Citroen used Paris to launch the separation of its DS line. DS models offer Mini-like personalisation and high-quality materials, and they’re sold at a premium so there’s more profit. The mother brand’s mainstream products are hugely improved, but for years they’ve been piled as high as the Eiffel Tower and sold as cheaply as a plastic Paris bistro table cloth. Lining one up alongside a DS in either a motor show or show room only distresses the latter – and its profitability. The super-sculpted DS Divine concept in Paris was there to show that DS products are going to have unique styling to ensure greater differentiation. And greater profit.
Fellow PSA brand Peugeot believes that if it offers excellent quality at mainstream prices the numbers will happen. And today’s Peugeots are well-designed, with thoughtful interiors, tactile materials and good build. It’s an impressive turnaround. But there was little new in Paris. Even the Exalt crossover concept had been seen before – at the Beijing show. That betrays its ambitions in China, but for Europe there are only facelifts until the end of next year, and for a company still dependent on Europe that’s a concern.
PSA has refused the budget-brand route, unlike Renault with Dacia. The Romanian brand has been propping its parent up over the last couple of years, but now Renault has emerged with excellent new product of its own. The Fiat 500-esque Twingo will give some fizz back to the brand, while the styling has a new-found confidence, shown in the Espace revealed in Paris. It’s an MPV with a low, muscular stance and an interior which wouldn’t look out of place in a Range Rover.
It could be a breakthrough for Renault in the large-car market where it’s always struggled, but the company is giving more prominence to its Initiale sub-brand. Unlike DS, Initiale won’t spawn models but a new luxury trim level. Ford is doing something similar with its Vignale line, seen in Paris in the form of a dedicated merchandise and accessory boutique on the stand. The new S-Max and Mondeo models revealed at the show will lend themselves well to the Vignale treatment, and there’s nothing not to like about the concierge-style service offered. But it’s very hard to see Ford conquesting customers from the premium brands without a product as bold and surprising as the Espace.

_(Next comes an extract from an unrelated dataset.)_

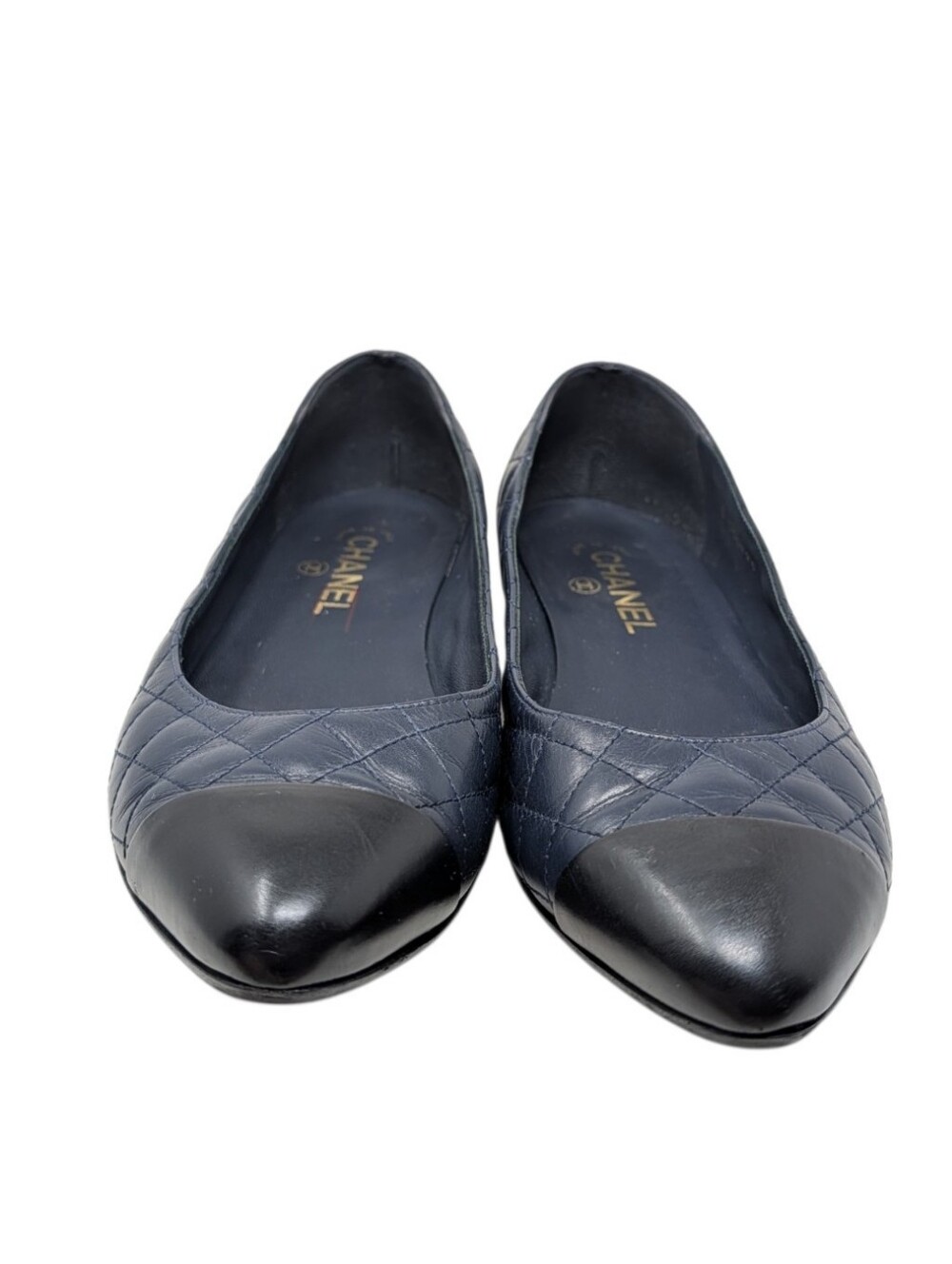 Chanel Navy Blue Quilted Cap Toe Camellia Charm Ballerina Flat Size EU 40.5 - Picture 5 of 10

The approach being taken by Ford’s principal mainstream rival, Opel, is more in line with Peugeot’s: everyday, good value products with increasing quality and sophistication. But GM’s new dawn in Europe after the dropping of the Chevrolet value brand was signaled in Paris by the new Corsa supermini – an everyday car in one of the traditional segments you still have to be in. The new car has been developed from the old one’s architecture, which is fine – VW has done that with the Golf in the recent past – but it’s a mistake for the new Corsa to look so similar to the outgoing car. GM listened to what customers said about the old car, and this is the result. When did Apple last do that?
GM Europe has acquired several senior VW people in the past year or two, so perhaps it’s become a model for the Opel revival. VW keeps doing what it does best – granite-like rationality – and the evolutionary new Passat in Paris could have gone unnoticed.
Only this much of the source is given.